Os treinadores de Atletismo eram o Prof. João Coutinho – depois célebre comentador de Basquetebol na TV, que veio a ser meu colega muitos anos como professor, no Liceu de S. João do Estoril e infelizmente, recentemente desaparecido - e o Prof. Eduardo Cunha.

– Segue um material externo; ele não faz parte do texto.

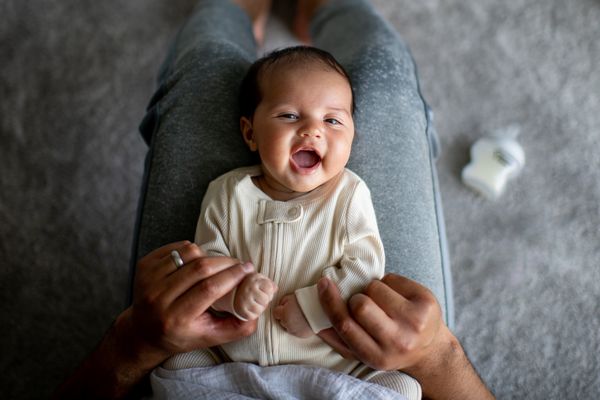 Tommee Tippee CTN Kojenecká Lahev ANTI-COLIC Pomalý Průtok 0m+ 150 ml
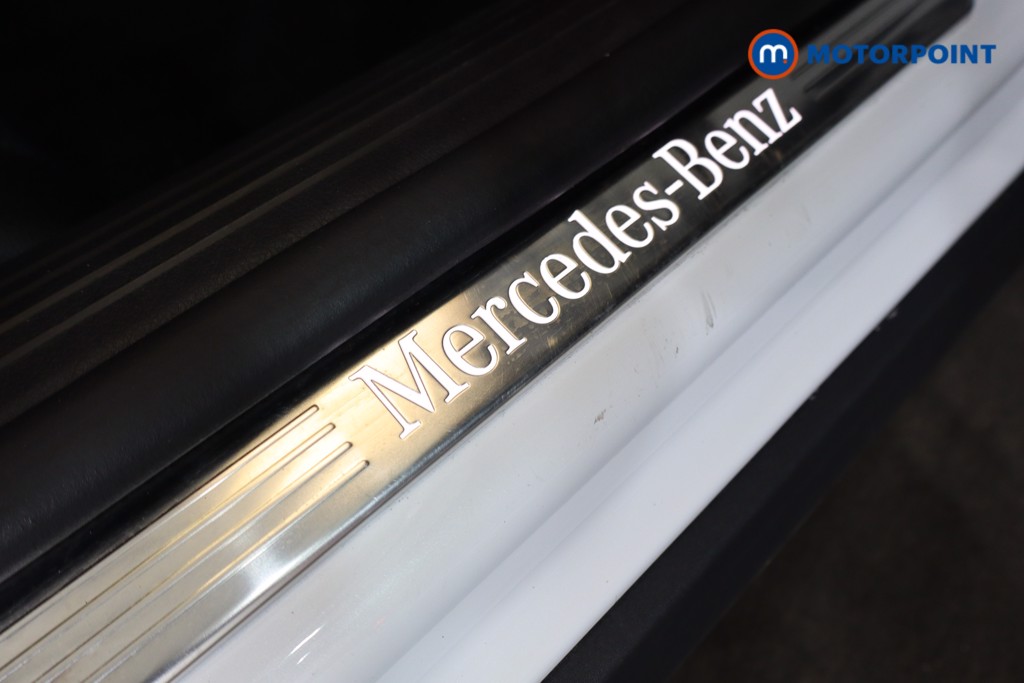 Mercedes-Benz GLA Amg Line Automatic Petrol SUV - Stock Number (1581063) - 11th supplementary image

Aos fins de tarde, a partir dos meus treze, catorze anos – uma vez descoberta uma certa queda para a velocidade pura – desenfiava-me e lá ia eu treinar, sempre que podia. Era um miúdo entroncado e com as pernas curtas, mas com jeito e ouvido para partir ao tiro e muito rápido nos primeiros cinquenta metros. Depois...ia andando para trás. Mas, mesmo assim, ainda cheguei a internacional juvenil, isto para que saibam de tal inutilidade e eu, enfim, me possa gabar de alguma coisa, em nome de uma fisicidade que perdi. Oh, se perdi. Hoje o corpo inventa-me um achaque a cada dia. Mas adiante.
O tartan ainda não existia. Corria-se em “tarterra”, como nós dizíamos. Com a curiosidade da pista de atletismo no Estádio Universitário, onde treinávamos, ser negra, o que nos tornava numa espécie de primos do carvoeiro no fim dos treinos, e nos enchia de lama preta no Inverno.
Fazer atletismo por amor era o lema. Hoje o dinheiro invadiu tudo. Mas ali eram outros tempos e outra mentalidade. Mais novo, lembro-me de alguns personagens da minha idade ou ligeiramente mais velhos que por lá apareciam, hoje conhecidos noutras áreas, incluindo ministros e o mais que se verá...
Relembraria por exemplo o velocista e barreirista, hoje seleccionador nacional, Prof Abreu Matos que era o mais baixo barreirista da história do atletismo nacional e que foi, contudo, internacional; homem rapidíssimo a valer 10.6 nos 100 metros planos. Tudo isto em “tarterra”, pois só mais tarde aparecem as primeiras pistas de tartan em Alvalade e depois no Estádio Nacional.
Outro barreirista de vulto, internacional em muitos encontros, era o Alberto Matos, um negro muito alto e magro, sempre vestido impecavelmente, dado às danças de salão e à namoriscadela. Um dandy, elegantíssimo no gesto de passar barreiras altas, sempre na sombra, pela crónica supremacia do Comura Imboá, do Benfica, que era o número um crónico de Portugal nos 110 metros barreiras. Hoje é empresário de construção civil no Algarve e, de vez em quando, lá nos vemos, em Ferragudo. Continua igual - negro, alto, dandy, elegante, simpático, ágil. Tivesse eu de tal elegância exemplo...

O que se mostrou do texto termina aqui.